La Bible de Moutier-Grandval

La Bible de Moutier-Granval, aujourd’hui à Londres à la British Library, fut exécutée à Tours vers 835, dans le scriptorium de Saint-Martin.

La Bible de Moutier-Grandval comprend donc en un seul volume de 449 folios, au format moyen de 51 sur 37,5 cm, la totalité du texte de la Bible, écrit sur deux colonnes de 50-52 lignes, dans la version latine de Vulgate en partie révisée par Alcuin.

La Bible de Moutier-Grandval est un de ces sujets qui ont le don de susciter l’intérêt des érudits et, partant, ont fait couler beaucoup d’encre. Oubliée par les chanoines de Moutier dans leur maison capitulaire de Delémont, au début de la Révolution, la Bible fut découverte par des enfants au galetas, à la fin de décembre 1821 ou au début de l’année 1822. Ces gamins s’amusèrent longuement avec ce vénérable monument. Pour retrouver plus facilement les « images » et les belles grandes initiales, ils placèrent, entre les pages, des gousses de haricots et des brins de paille.

Un jour, ces enfants apportent leur trouvaille aux nouvelles propriétaires de la maison, les demoiselles Verdat qui, jugeant la découverte enfantine, vendent ce bijou à Alexis Bennot, ancien maire de la ville et vice-président du tribunal de Delémont, moyennant la somme de Fr. 3.75. Le curé de la localité, l’abbé Hennet, offre alors à Bennot 12 louis d’or; il voulait placer ce précieux manuscrit dans le trésor de son église. Mais la somme proposée étant trop minime, l’abbé Hennet essuya un refus. Tenté par l’appât de l’argent, Bennot vend notre Bible, le 19 mars 1822, pour 24 louis d’or ou 480 francs à un antiquaire bâlois, M. Speyr-Passavant.
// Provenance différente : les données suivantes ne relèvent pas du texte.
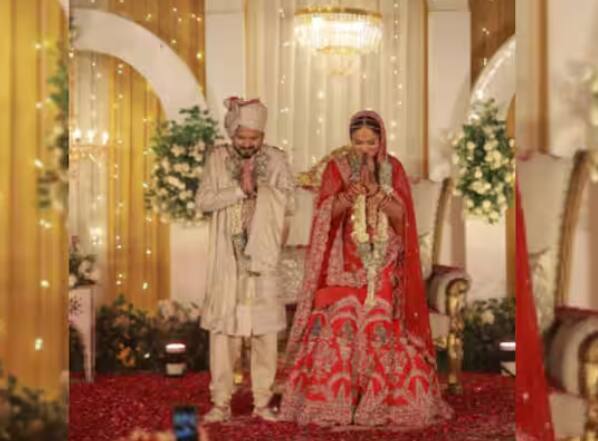 ਸ਼ੁਭਮ 17 ਅਪ੍ਰੈਲ ਨੂੰ ਆਪਣੇ ਪਰਿਵਾਰ ਨਾਲ ਜੰਮੂ-ਕਸ਼ਮੀਰ ਘੁੰਮਣ ਗਏ ਸੀ। ਉਹ 23 ਅਪ੍ਰੈਲ ਨੂੰ ਕਾਨਪੁਰ ਵਾਪਸ ਆਉਣ ਵਾਲੇ ਸਨ, ਪਰ ਇੱਕ ਦਿਨ ਪਹਿਲਾਂ, ਉਨ੍ਹਾਂ ਨੂੰ ਅੱਤਵਾਦੀਆਂ ਨੇ ਗੋਲੀ ਮਾਰ ਦਿੱਤੀ। ਸ਼ੁਭਮ ਦੀ ਪਤਨੀ ਨੇ ਕਿਹਾ- ਉਹ ਮੈਗੀ ਖਾ ਰਹੀ ਸੀ, ਜਦੋਂ ਅੱਤਵਾਦੀ ਉਸ ਦੇ ਨੇੜੇ ਆਏ ਅਤੇ ਉਸਨੂੰ ਗੋਲੀ ਮਾਰ ਦਿੱਤੀ।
Le nouvel acquéreur publia un opuscule d’une centaine de pages, cherchant à prouver que la Bible de Moutier-Grandval avait été écrite par Alcuin lui-même et qu’elle avait été offerte à Charlemagne à la Noël de l’an 800! De 1826 à 1836, il parcourt la France, l’Allemagne, la Suisse, sa Bible sous le bras, enfermé dans une caissette. Il est reçu par une quantité de savants, d’hommes d’Etat. Guizot souhaite que « cet admirable manuscrit, une fois rentré en France n’en sorte pas. Ce serait, dit-il, pour les amis des antiquités historiques et chrétiennes de la France une véritable douleur ». Charles X qui en a fort envie, offre à Speyr 100 000 francs. Malheureusement, les finances de la France ne permettent pas cet achat.

Repoussé par la France, Speyr part pour Londres où il offre sa bible au musée britannique; il finit par la céder, en juin 1836, pour le prix de 750 livres, soit 18’000 francs. Le sort en était jeté.

Sa description
Ce magnifique manuscrit, tel qu’il offre aujourd’hui à nos yeux, n’est plus revêtu de la couverture originale. Habillé d’une couverture en bois, revêtue au XVI siècle de parchemin, puis par Speyr lui-même, en 1822, de velours noir, la Bible de Moutier répond actuellement à 53 cm de hauteur sur 40 de largeur. Le dos est aussi en cuir moderne. On y lit de haut en bas: Biblia sacra latina, saec. IX Mus. Brit. iure emptionis. Mss add. 10 546.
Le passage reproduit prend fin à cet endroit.